Dittatura, quella brasiliana, rivendicata ogni giorno da Bolsonaro come migliore di ogni democrazia. Per quanto sia duro pensarlo, quel Bolsonaro che resta pienamente in partita, ci dice che le classi medie bianche, in particolare nel Sud e nei grandi stati, Río e San Paolo, pensano e sono indotte a pensare che il regime democratico sia oggi un peso del quale non sanno che farsene. Una democrazia della quale si disferebbero volentieri. Domenica si vota, per fortuna, tra queste due visioni antitetiche di Brasile e di mondo.
In questi anni Bolsonaro ha isolato il Brasile dagli altri Stati sudamericani, ma senza rafforzare un’alleanza con gli Stati Uniti, in particolare dopo la sconfitta di Trump, di fatto non riconosciuta tenendo sempre pessime relazioni con Biden. L’esatto contrario della visione del Brasile di Lula, che tornerebbe a esercitare più forte il proprio ruolo di potenza in una regione per la prima volta tutta o quasi progressista dalla Terra del fuoco giù fino al confine tra Messico e Stati Uniti.

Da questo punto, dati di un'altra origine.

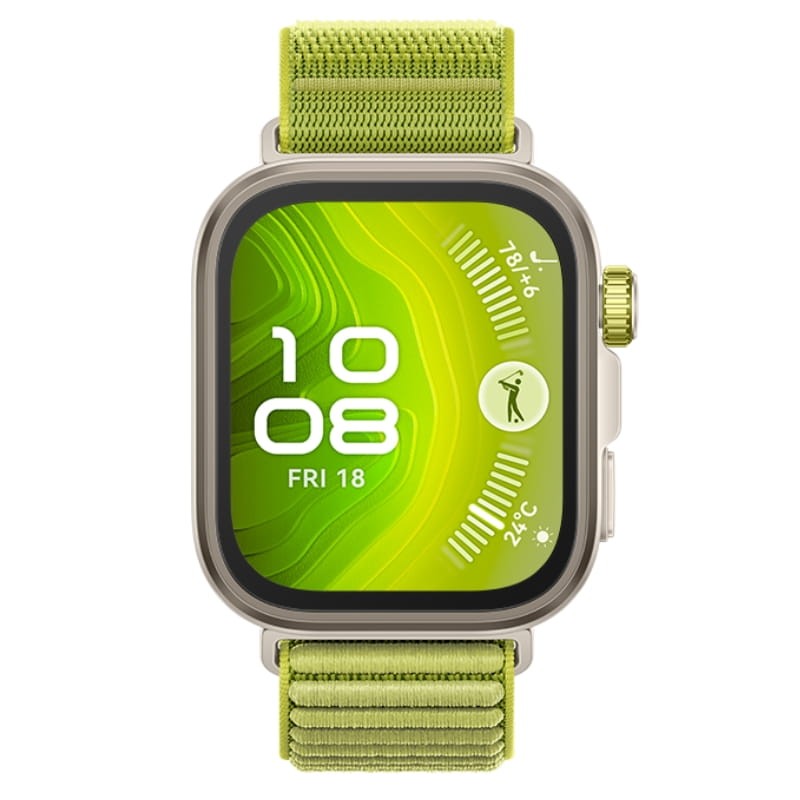 Huawei Watch Fit 4 Pro Verde - Ítem1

L’America Latina non è mai servita a Bolsonaro, come non serve la scienza (lo ha dimostrato con la gestione della pandemia che ha trasformato in un genocidio), la difesa dell’ambiente (la distruzione dell’Amazzonia in omaggio all’agroindustria esportatrice che lo sostiene) o l’essere Presidente di tutti.

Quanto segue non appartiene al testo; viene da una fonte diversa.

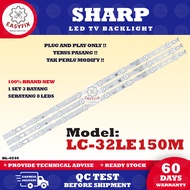 LC-32LE150M SHARP 32 INCH LED TV BACKLIGHT ( LAMPU TV ) LC-32LE150 32LE150M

La misoginia, il razzismo, il classismo, l’omofobia, la denigrazione di qualunque diversità, il disprezzo per i popoli originari sono il suo pane quotidiano, ma è lo ‘stile’ che evidentemente piace ai 51 milioni che l’hanno votato al primo turno.
Molti limiti ci sono nella candidatura di Lula, a partire dal rinnovamento generazionale impossibile, all’inevitabilità di circondarsi di alleati scomodi, che tra primo turno e ballottaggio lo hanno costretto a giocare solo di rimessa, alla già certezza di un Parlamento ostile.

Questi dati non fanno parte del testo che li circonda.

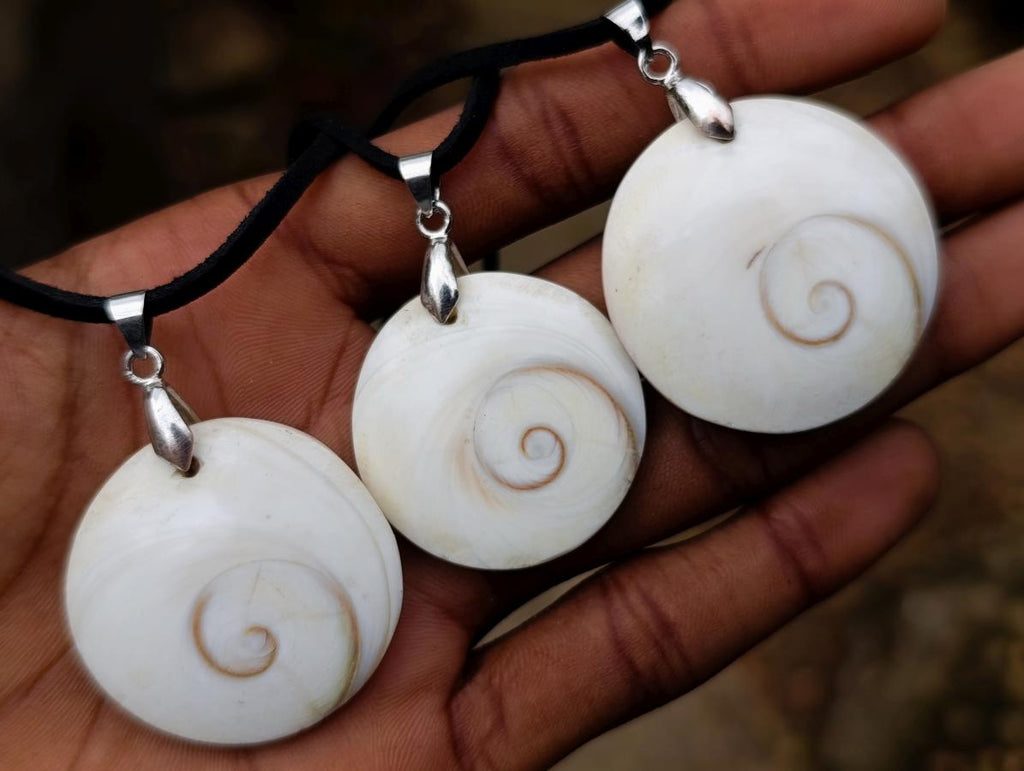 Hand Made Shiva Eye Necklace - Sold Per Item - From Madagascar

A due decenni dalla prima volta che ha ottenuto la Presidenza, il vecchio sindacalista metallurgico non è certo il nuovo che avanza. Anche in Brasile pezzi delle classi subalterne hanno voltato le spalle al Partito dei Lavoratori, ed è difficile dar loro solo torto o incolpare solo il nemico, le oligarchie, gli oligopoli mediatici. Straordinari furono i risultati economici di Lula e di Dilma Rousseff – Presidente dal 2011 al 2016; 35 milioni di persone uscirono dalla povertà e oggi sono libere di votare Bolsonaro.
Nel 2015, in occasione dell’Expo di Milano, Fondazione Feltrinelli ha dedicato alle politiche sociali di Lula e Rousseff un ampio approfondimento. Leggilo qui ⇒
Se però Lula non è il nuovo, sei anni di Michel Temer e Bolsonaro hanno riportato indietro l’orologio della Storia: nuovamente 119 milioni di brasiliani patiscono l’insicurezza alimentare. Le politiche inclusive costano, forse, ma sono l’essenza della democrazia. Lula o Bolsonaro: quale segnale darà il Brasile al mondo intero?